L’eau de source convient à toutes les phases d’entraînement. Je la préfère avant l’effort pour sa fraîcheur naturelle. Pendant les longues sorties, je la complète avec des électrolytes. Après l’effort, elle nettoie efficacement le palais. Voici mes conseils pour le choix de l’eau de source pour une activité sportive.

  • Favoriser une eau faiblement minéralisée pour les efforts brefs et intenses
  • Éviter les eaux riches en sulfates et chlorures qui favorisent l’acidité corporelle
  • Privilégier les eaux riches en bicarbonates pour neutraliser l’acidité post-effort
  • Consulter l’étiquette pour vérifier les apports en calcium, magnésium et sodium
  • Varier les sources d’eau pour équilibrer les apports en minéraux essentiels

L’eau minérale naturelle : propriétés bénéfiques pour l’effort

Les eaux minérales naturelles proviennent de nappes souterraines protégées, avec composition stable. En France, leur exploitation suit un cadre réglementaire strict (Code de la santé publique). Elles conservent leurs caractéristiques pures, sans traitements chimiques, préservant leurs propriétés bénéfiques pour la santé.

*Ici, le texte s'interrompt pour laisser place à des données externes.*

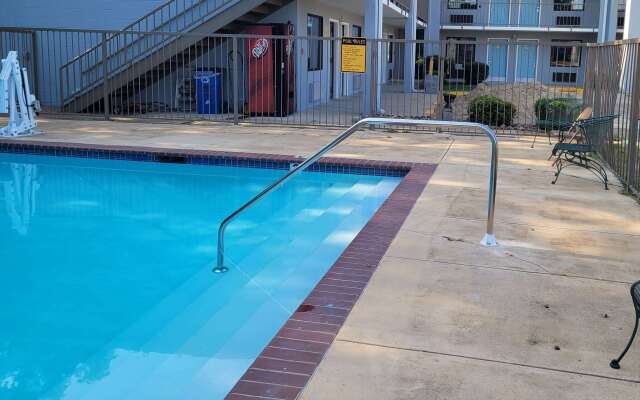 Super 8 by Wyndham Arkadelphia Caddo Valley Area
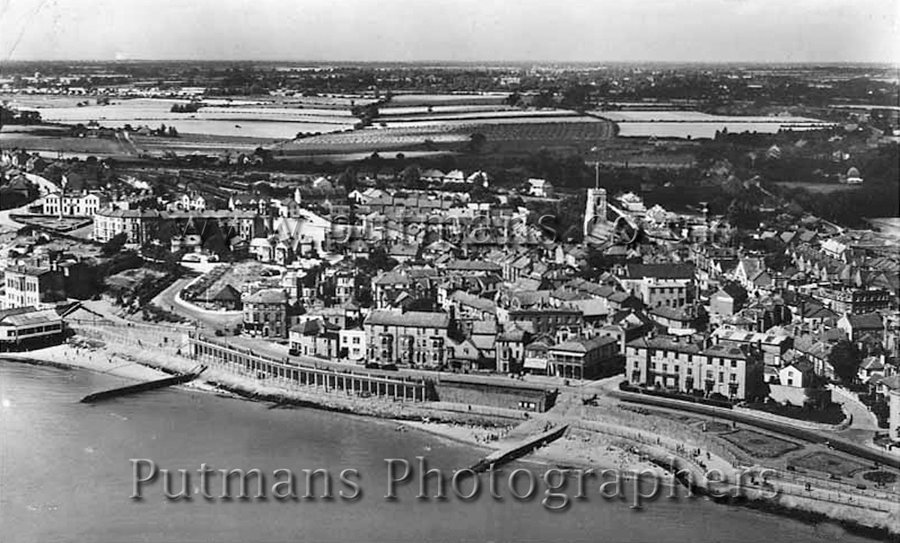Ref 967 Aerial view of Town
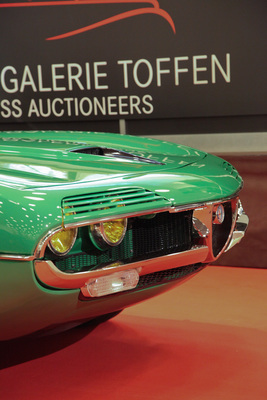 55,000 francs were bid for the green Alfa Romeo Montreal from 1971, knockdown subject to reservation - Auction of the classic car gallery at the Dolder Grand Hotel 2017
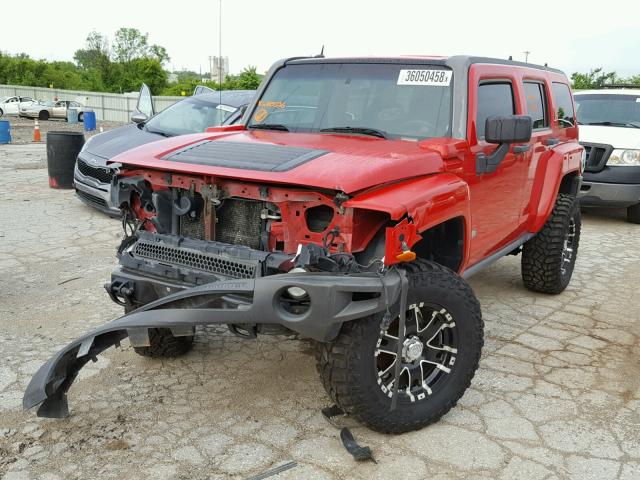 5GTDN136068110526 - 2006 HUMMER H3 RED photo 2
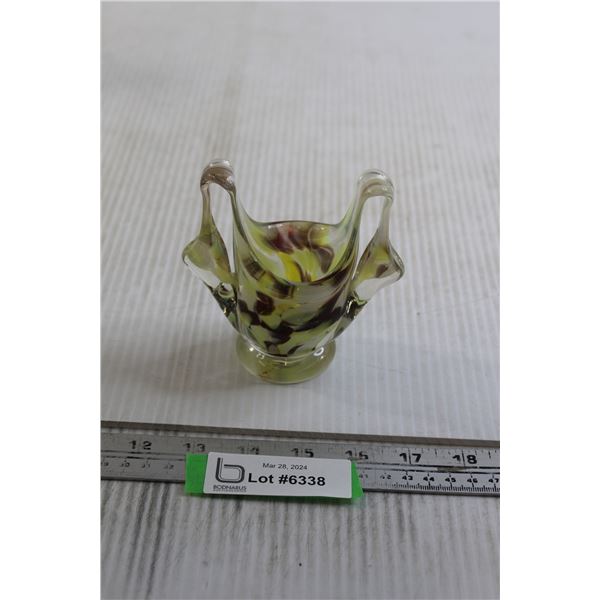 Art Glass Basket - 4 1/2" Tall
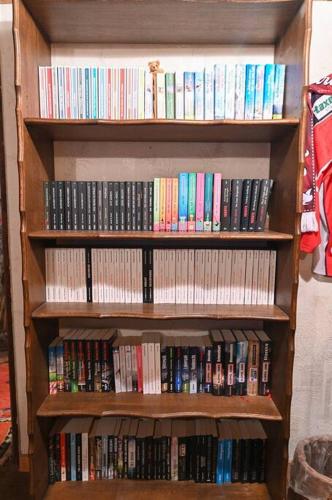 Perpustakaan di apartmen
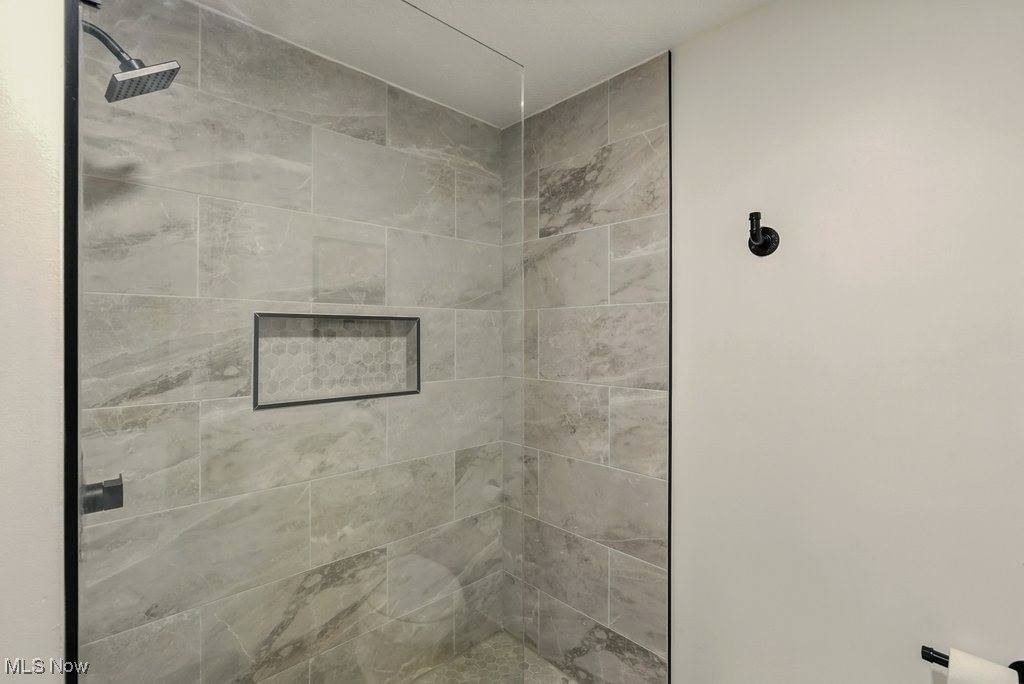 6711 Booth Road, Ravenna, OH 44266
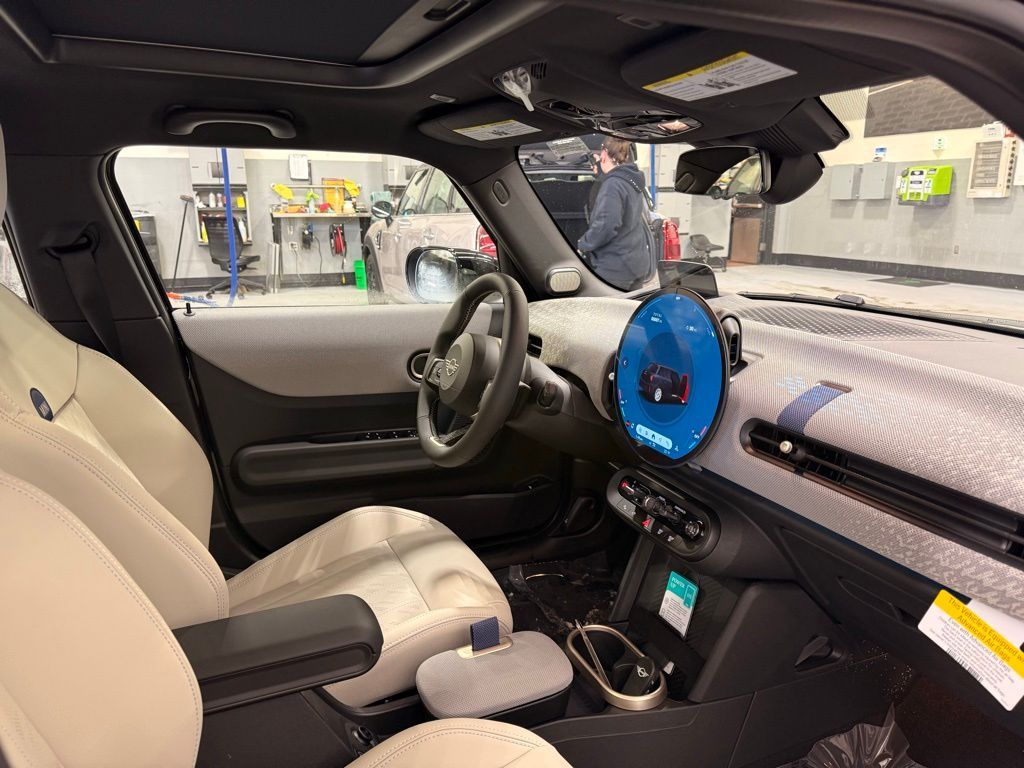 Thumbnail: 2026 MINI Cooper - 28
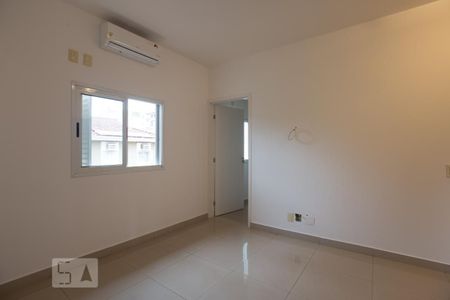 Casa de condomínio para alugar com 160m², 3 quartos e 2 vagasSuíte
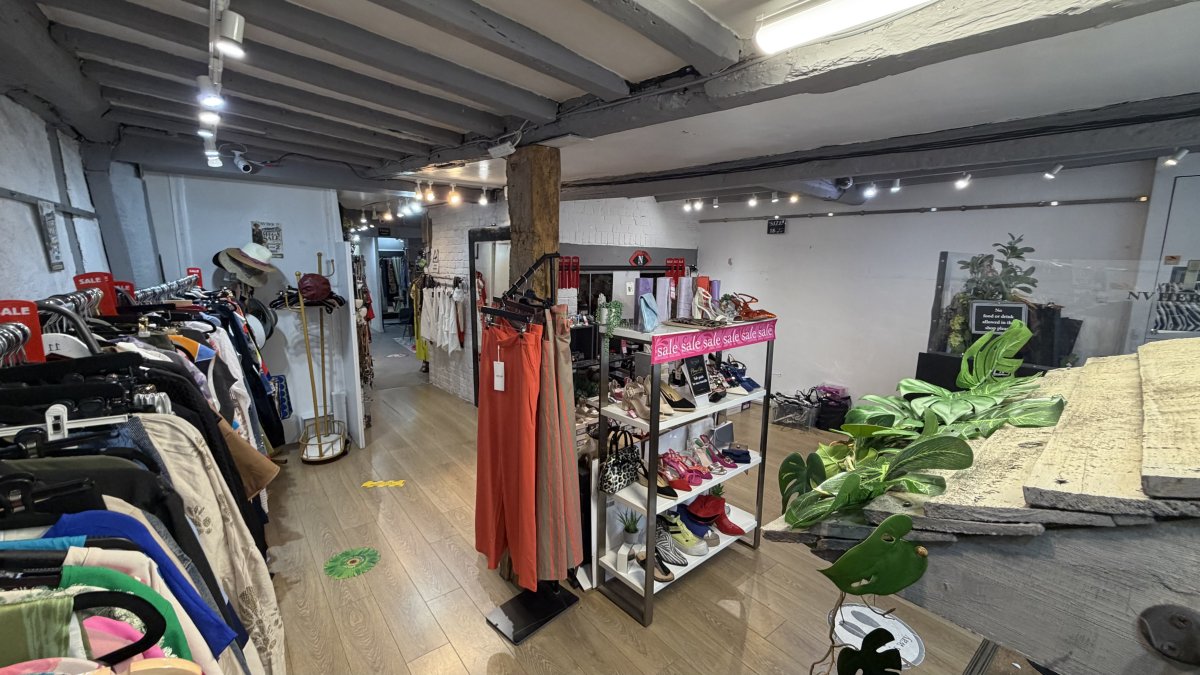 Retail/Shop in Warwick - photo 4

J’apprécie la constance des eaux minérales. Leur composition stable permet un suivi précis des apports en calcium, magnésium. Cela aide à adapter sa consommation selon les besoins sportifs, avant, pendant ou après l’effort, pour optimiser l’hydratation et la récupération.

Les eaux minérales apportent du calcium, magnésium, sodium et bicarbonates. Ces minéraux importants pour les sportifs: le calcium renforce les os, le magnésium prévient les crampes. On retrouve ces éléments en quantités variables selon les sources.

Comparaison des eaux minérales naturelles : teneur en magnésium et niveaux de minéralisation pour les sportifs
Type d’eau minérale Magnésium (mg/L) Niveau de minéralisation (résidu sec)
Hépar 145 Très minéralisée (890 mg/L)
Courmayeur ~90 Très minéralisée (648 mg/L)
Vichy Célestins ~50 Très minéralisée (1550 mg/L)
Contrex ~30 Moyennement minéralisée (892 mg/L)
Arvie ~25 Moyennement minéralisée (680 mg/L)
Evian ~24 Moyennement minéralisée (636 mg/L)
Volvic ~13 Faiblement minéralisée (130 mg/L)
Mont Roucous ~10 Faiblement minéralisée (120 mg/L)

Ce tableau compare différentes eaux minérales naturelles en fonction de leur teneur en magnésium et de leur niveau de minéralisation, deux critères importants pour l’hydratation sportive. Les eaux riches en magnésium (comme Hépar et Courmayeur) sont adaptées aux efforts intenses. Les eaux faiblement minéralisées (Volvic, Mont Roucous) conviennent aux efforts courts. Les eaux moyennement minéralisées (Contrex, Arvie, Evian) offrent un bon équilibre. Le magnésium prévient les crampes et améliore la récupération post-effort.

Boire la bonne eau au bon moment aura un impact sur votre performance. Avant l’effort, une eau plate pour préparer le corps. Pendant, alternez eau fraîche et boissons enrichies pour compenser la transpiration. Après, priorisez une réhydratation précise avec des électrolytes. Votre corps récupère mieux, s’adapte plus vite, et vous ressentez la différence dès la prochaine séance. Le secret ? Une bouteille adaptée, un timing ajusté, et une hydratation qui suit le rythme de vos ambitions sportives.